Superlubricity in a nutshell.
ORAL
Abstract
Cold ion chains in optical lattices emulate the Frenkel-Kontorova model, whose frictional behavior depends on commensurability or incommensurability between the two lattices. In the latter and more interesting case, there are two different regimes: one with pinning and static friction, and one without pinning, called superlubric. Only in an infinite chain the two regimes exist, separated by a dynamical Aubry transition.

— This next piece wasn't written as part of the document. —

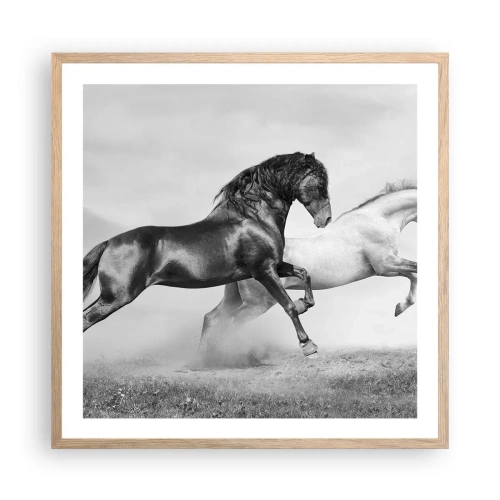 Plakát v rámu světlý dub - Andělé a démoni - 60x60 cm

A cold ion chain is necessarily finite and short, we nevertheless proposed that a clear remnant of that transition should persist in trapped ion chains[1]. Recent experiments showed how in fact a small number of ions suffices to demonstrate incommensuration effects, with a change of friction by orders of magnitude from matched to mismatched geometries[2]. Here we present simulation results suggesting for increasing optical lattice amplitude a clear vestigial Aubry transition for very few ions, with a weak dependence upon the ion number and a stronger one upon the relative mismatch. A properly chosen amplitude should therefore show the vestigial transition from pinning at small mismatch to superlubricity at large mismatch. Alternatively, a chain which at T$=$0 is pinned at all mismatches could develop an Aubry transition at finite temperature to a state of "thermally induced superlubricity", due to the thermal smearing of the optical lattice amplitude. [1] A. Benassi et al., Nat. Comm. 2, 236 (2011). [2] A. Bylinskii et al, Science 348, 1115-1118 (2015).
*Supported by ERC Advanced Grant N. 320796 MODPHYSFRICT.